WHAT NEEDS TO BE DONE =>
Leave out all pictures and retype exactly the lines from the one with "زيارات اللجان التعريفية" through the last line of the material.

DATA BELOW =>
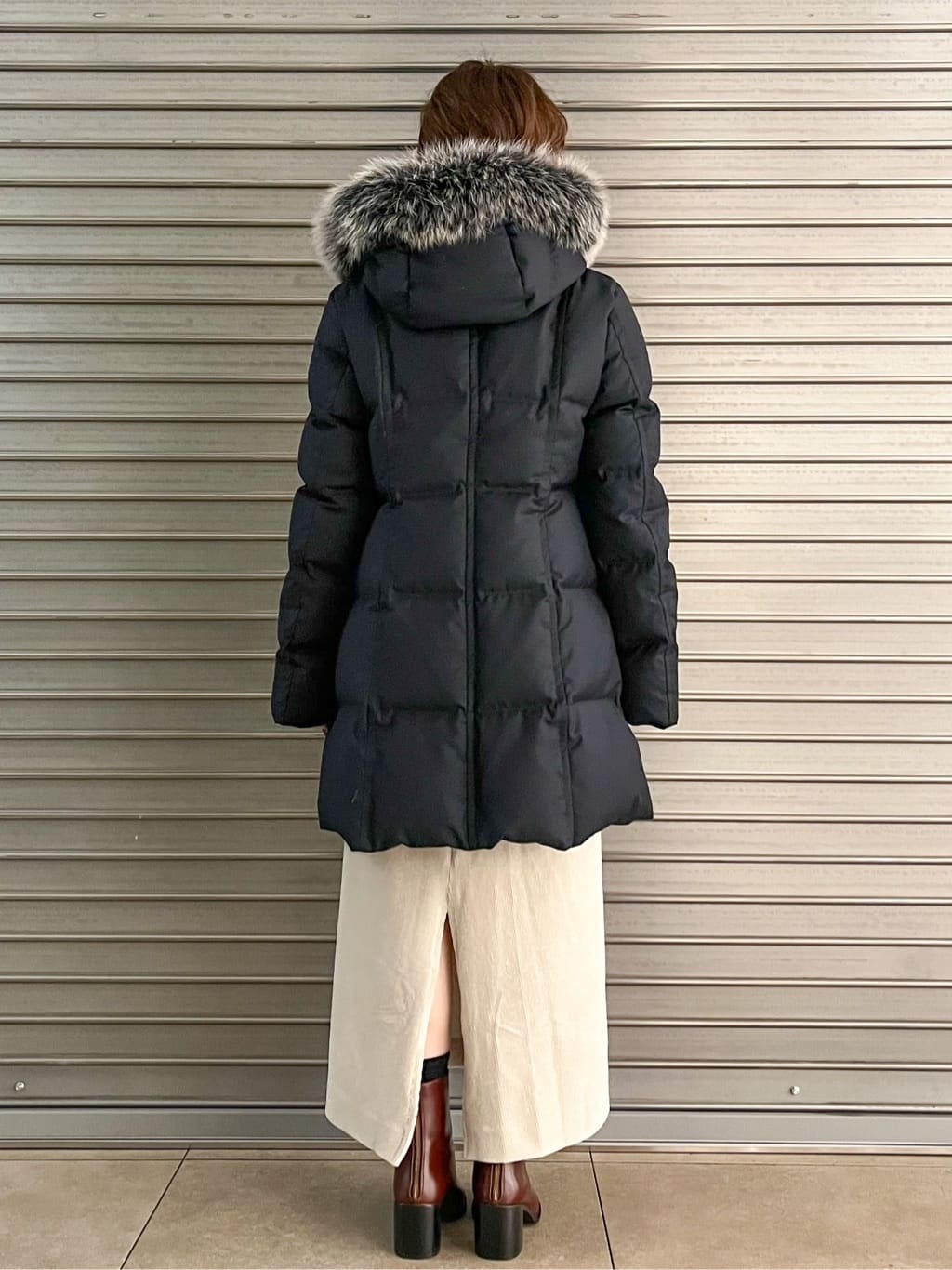 じゅんさんの「DRESSTERIOR｜◆ワイドフープピアス」を使ったコーディネート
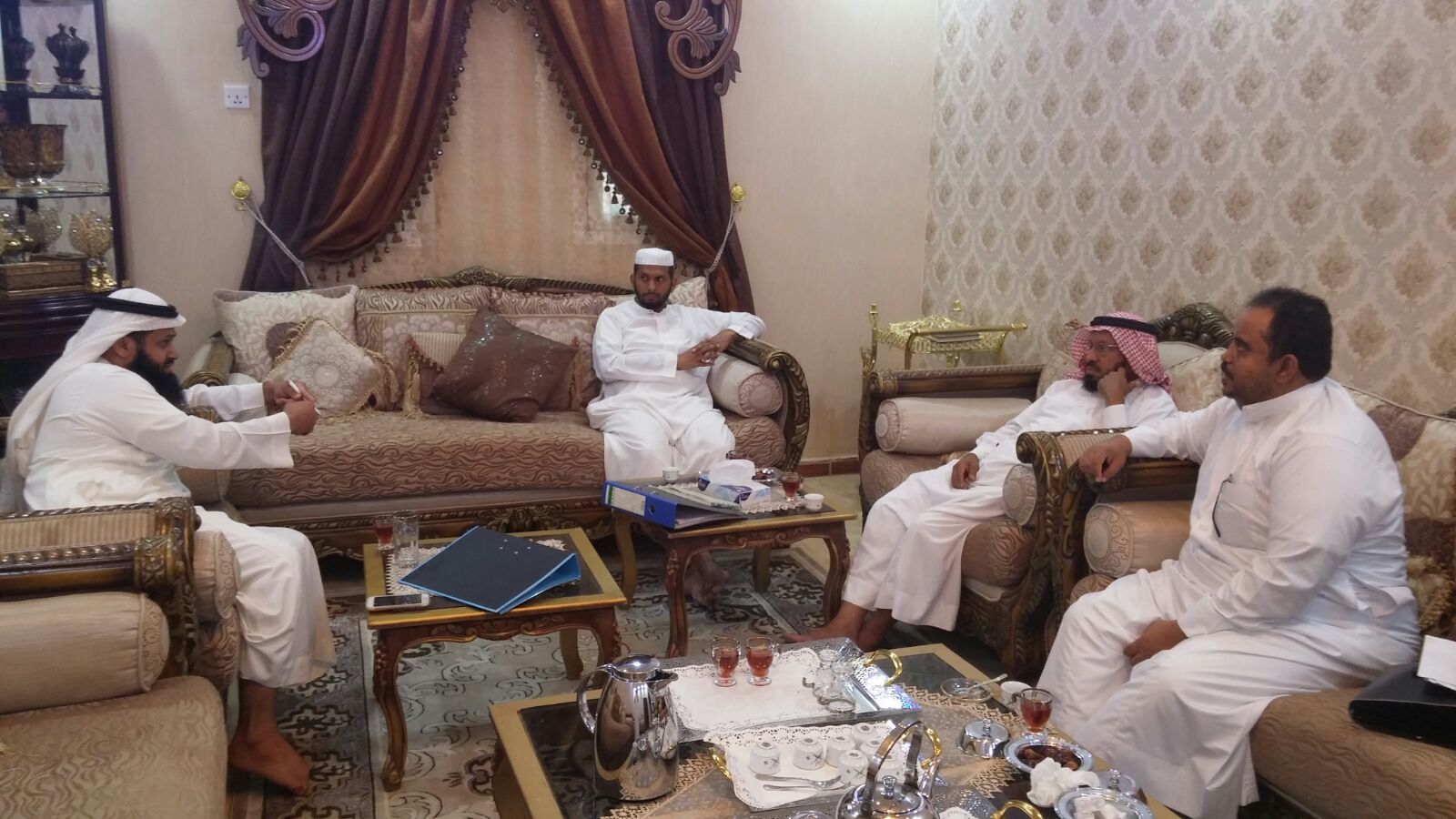 زيارات اللجان التعريفية لأفراد العائلة عام 1436هـ - 2015م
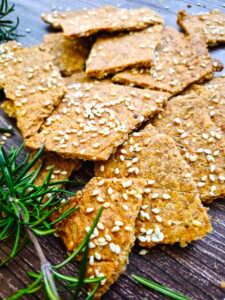 Pełnoziarniste krakersy parmezanowe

ANSWER AREA =>
 زيارات اللجان التعريفية لأفراد العائلة عام 1436هـ - 2015م
 Pełnoziarniste krakersy parmezanowe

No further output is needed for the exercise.